Hi, Are You Single? is currently in the midst of a world premiere, live, in-person run at Woolly Mammoth, co-producing with L.A.’s IAMA Theatre. (A beautifully produced, recorded version of the show ran in early 2021.) The opportunity to perform before a live audience for two weeks has left Haddad simultaneously elated and anxious.
“It’s strange that I should say this about a show that I’ve been doing for seven years, but it is officially the world premiere production, because [Woolly is] the first theater that said, ‘We don’t want you to just come for two or three days and throw it up. We’re going to produce it, fully produce it,” he says.
“I’m extremely grateful to get to do a run of 13 performances, plus a reading of my new play, Hold Me in the Water and stretch that muscle as a performer, because I’ve never had to do that many shows at once of anything in a row. And so I’m learning and I’m growing and my performance will undoubtedly grow and change over these 13 performances.”

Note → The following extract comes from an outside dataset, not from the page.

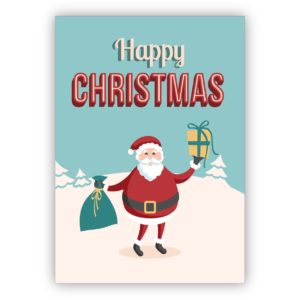 Nette Retro Weihnachtskarte mit Santa: Happy Christmas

“I feel that what Ryan is doing is making the invisible visible through his story,” says Maria Manuela Goyanes, Artistic Director of Woolly Mammoth. “Last night, at our first preview, I was sitting next to someone who, it turns out, has spina bifida. I talked to her afterward and she literally was like, ‘I am going to have any boy I want to date see this show before I date them so that they understand what my experience has been in the dating community.’
“Folks who are looking for love in the disabled community often face a lot of discrimination,” she continues. “So it’s just clear to me that Ryan is a real pioneer… and I know that there are people who deeply relate to what he is talking about and have never seen themselves on stage before.”

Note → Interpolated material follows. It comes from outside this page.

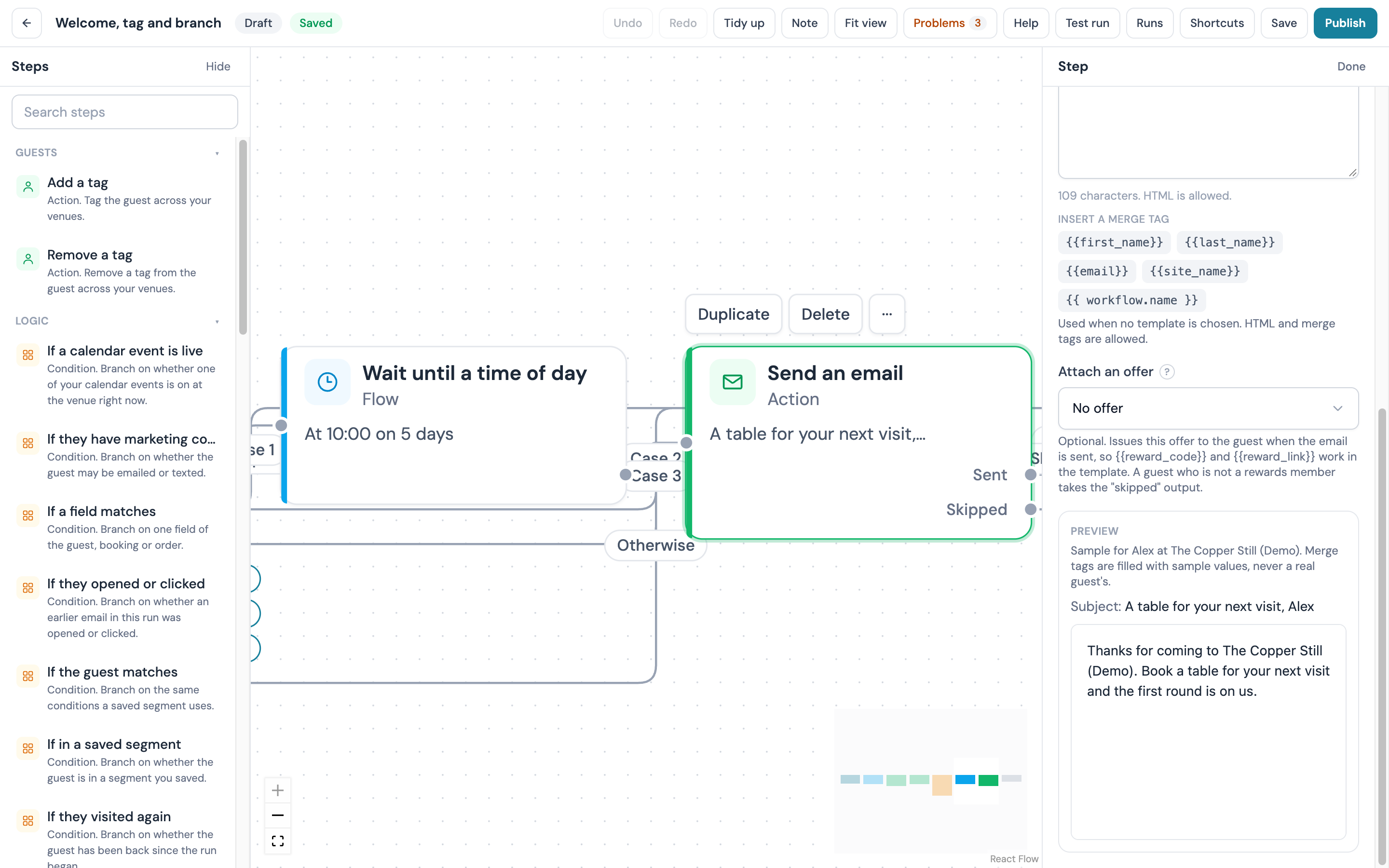 The Preview under a Send an email step: the sample line for Alex, the filled subject and the body frame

Hi, Are You Single? not only showcases Haddad’s magnificent writing, but his cunning ability as a performer to fully connect with an audience, showcasing an astonishing range of moods and emotion within the span of a tightly-constructed hour. The narrative is comprised of small vignettes that bloom into big, beautiful, emotionally resonating moments, casting a light on the LGBTQ community, the disabled community, and the struggle to find love, happiness, and a satisfying sexual connection.

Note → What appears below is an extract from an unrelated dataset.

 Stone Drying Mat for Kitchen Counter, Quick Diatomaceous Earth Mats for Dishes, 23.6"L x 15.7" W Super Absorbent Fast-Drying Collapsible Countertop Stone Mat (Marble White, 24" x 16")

Haddad reflects a mirror on how society views him, but there is also a pivotal moment (that won’t be spoiled here) in which he turns that mirror on himself. The results are revelatory.
“If you see somebody who’s different that isn’t part of the picture that you had in your mind for what your life would be, you run in the other direction,” says Haddad. “And that can manifest in pain and hurt feelings and rejection, regardless of your reasons for behaving the way that you have toward another person.”
Haddad is already familiar to television audiences, having appeared in two seasons of the Netflix comedy, The Politician, and is about to embark on shooting The Retreat, a miniseries starring Harris Dickinson (Beach Rats) and Clive Owen. He feels that all too often disabled roles are still going to non-disabled actors.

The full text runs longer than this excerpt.